I'm a reg. Siamese breeder in Australia and have recently had the same
trouble; getting a new girl in is a risky job and next time I'd advise (no
matter how ethical the breeder seems) that you isolate any new cats from the
others for 2 weeks at least, bathe in antifungal wash and get a full blood
panel and check up done by the vet. I've just had ringworm introduced to my
cat and human family (I have a small number of breeding cats, all my
moggies, my family sharing the house) by an 'ethical' breeder who neglected
to tell me about her ringworm problem, so I can advise you on how to lessen
the damage. I'd also be checking for mites, it doesnt sound to me like flea
allergies but ringworm or mites. Ok now for my treatment plan; isolate all
cats showing ringworm signs. Use a bleach solution to wash down all floors
and walls as much as possible; thoroughly vacuum carpets and upholstery. A
product called 'F10' is the most effective, both to wash your cats, the
floors and also can be used on upholstery and carpets. It wont stain but
check anyway. F10 can also be used as a topical treatment on ringworm
lesions; its the best thing. If you cant get F10 use Malaseb as a washl less
effective but if used regularly does help. A disinfectant called Benzyl
Colonium Chloride (check disinfectant labels) can be used on upholstery and
carpet without staining. Ringworm is spread by 'flakes' of the fungus, so
regular vacuuming/mopping will help you keep it down. Also take the cat
immediately to the vet; he will prescribe an antibiotic called Grisolven or
Griseofulven (same thing) that destroys the cell walls of the ringworm :you
will NEVER get rid of it without this. Be careful with young kittens though
as there is some link to liver damage, however I've had no problem. Just
watch it with cats with liver conditions and check with your vet about use
during pregnancy/lactation/in young kittens. Mostly the ringworm will be
dormant with adult cats (which is why I suggest checking for mites or lice)
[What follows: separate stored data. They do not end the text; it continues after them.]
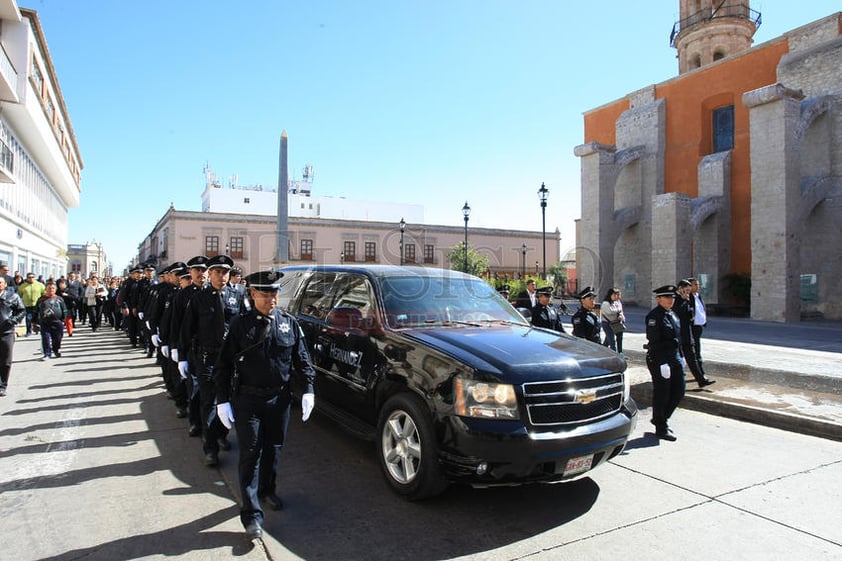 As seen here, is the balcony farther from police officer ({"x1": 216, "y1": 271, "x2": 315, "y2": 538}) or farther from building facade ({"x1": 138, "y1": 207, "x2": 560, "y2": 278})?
police officer ({"x1": 216, "y1": 271, "x2": 315, "y2": 538})

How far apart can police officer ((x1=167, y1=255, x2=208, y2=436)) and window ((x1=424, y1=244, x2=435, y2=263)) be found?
184 ft

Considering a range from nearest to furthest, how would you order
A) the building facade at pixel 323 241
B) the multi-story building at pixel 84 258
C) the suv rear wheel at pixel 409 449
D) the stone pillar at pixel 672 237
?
1. the suv rear wheel at pixel 409 449
2. the stone pillar at pixel 672 237
3. the building facade at pixel 323 241
4. the multi-story building at pixel 84 258

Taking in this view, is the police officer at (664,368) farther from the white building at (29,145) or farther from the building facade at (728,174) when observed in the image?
the white building at (29,145)

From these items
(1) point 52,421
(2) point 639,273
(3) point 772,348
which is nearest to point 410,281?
(1) point 52,421

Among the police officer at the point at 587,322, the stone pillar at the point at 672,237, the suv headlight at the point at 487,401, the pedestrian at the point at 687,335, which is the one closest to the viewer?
the suv headlight at the point at 487,401

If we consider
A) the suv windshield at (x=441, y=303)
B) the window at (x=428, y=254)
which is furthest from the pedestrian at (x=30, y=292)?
the window at (x=428, y=254)

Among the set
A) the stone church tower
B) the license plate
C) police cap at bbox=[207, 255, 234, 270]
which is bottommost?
the license plate

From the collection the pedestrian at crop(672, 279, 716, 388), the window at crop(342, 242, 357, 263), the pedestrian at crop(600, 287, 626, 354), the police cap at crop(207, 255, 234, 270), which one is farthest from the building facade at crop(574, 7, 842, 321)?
the window at crop(342, 242, 357, 263)

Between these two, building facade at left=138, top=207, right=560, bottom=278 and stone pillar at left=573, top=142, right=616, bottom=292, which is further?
building facade at left=138, top=207, right=560, bottom=278

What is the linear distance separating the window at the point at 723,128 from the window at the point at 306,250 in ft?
131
but will attack your kittens and any cats with a low immune system. Keep on
top of it with the kittens, as ringworm patches grow back darker until the
next moult, so points can look patchy and affect showing and sale. DO NOT
sell on any kittens until the ringowrm is healed and fur has grown back;
you'll just get yourself a bad reputation, as the breeder who did this to
you just has. For your family, wash all bedding, clothes, table linen etc
and use an anti fungal and anti bacterial wash instead of fabric softener.
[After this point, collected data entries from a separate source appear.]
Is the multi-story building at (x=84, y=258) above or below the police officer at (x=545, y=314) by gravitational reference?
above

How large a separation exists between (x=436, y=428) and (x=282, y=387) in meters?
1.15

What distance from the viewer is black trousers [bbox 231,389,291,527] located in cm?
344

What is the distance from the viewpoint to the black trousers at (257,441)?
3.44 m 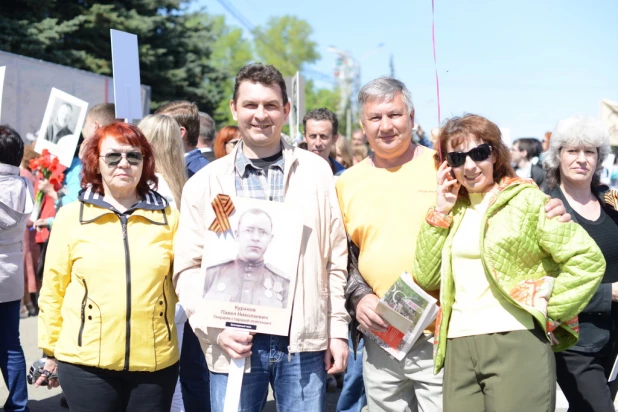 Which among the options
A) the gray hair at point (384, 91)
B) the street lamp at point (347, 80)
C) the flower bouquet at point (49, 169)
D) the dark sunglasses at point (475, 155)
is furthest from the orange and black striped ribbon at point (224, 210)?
the street lamp at point (347, 80)

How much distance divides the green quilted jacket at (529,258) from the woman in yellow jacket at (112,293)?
129cm

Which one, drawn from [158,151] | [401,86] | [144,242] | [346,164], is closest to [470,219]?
[401,86]

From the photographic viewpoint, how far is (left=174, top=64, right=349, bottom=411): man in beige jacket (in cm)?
307

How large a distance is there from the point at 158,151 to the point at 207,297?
63.4 inches

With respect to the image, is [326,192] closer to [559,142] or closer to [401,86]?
[401,86]

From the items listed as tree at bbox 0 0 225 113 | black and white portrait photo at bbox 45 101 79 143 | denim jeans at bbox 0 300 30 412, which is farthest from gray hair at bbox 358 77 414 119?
tree at bbox 0 0 225 113

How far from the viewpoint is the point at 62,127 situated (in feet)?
21.1

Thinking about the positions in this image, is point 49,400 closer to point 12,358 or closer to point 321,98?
point 12,358

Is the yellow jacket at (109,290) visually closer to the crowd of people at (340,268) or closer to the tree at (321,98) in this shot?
the crowd of people at (340,268)

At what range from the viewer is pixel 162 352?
333 centimetres

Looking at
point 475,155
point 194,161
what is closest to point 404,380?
point 475,155

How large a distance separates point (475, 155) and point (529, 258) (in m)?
0.52

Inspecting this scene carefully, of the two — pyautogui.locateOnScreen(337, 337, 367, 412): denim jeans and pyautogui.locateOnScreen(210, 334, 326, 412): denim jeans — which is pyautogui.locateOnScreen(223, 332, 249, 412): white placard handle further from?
pyautogui.locateOnScreen(337, 337, 367, 412): denim jeans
It should be available in the supermarket; there is a canesten brand and a
dettol brand; both are effective. Topically the best human treatment is neat
tea tree oil; kills it stone dead immediately. I only had one lesion where I
got clawed, and the kids got one each but the tea tree knocked it on the
head and they've had no more. ABOVE ALL don't use the tea tree oil on the
cats; it is highly toxic to them. It will be a bit of work eradicating it
but its not as bad as you think!! Just staying on top of hygiene as you
normally would and keeping their meds going for the 6 weeks. Most of these
steps will also work to eradicate lice and mites; Malaseb also kills insects
I think; the vet will advise. Just use high heat on the washing machine to
kill any eggs in bedding. Best of luck~!!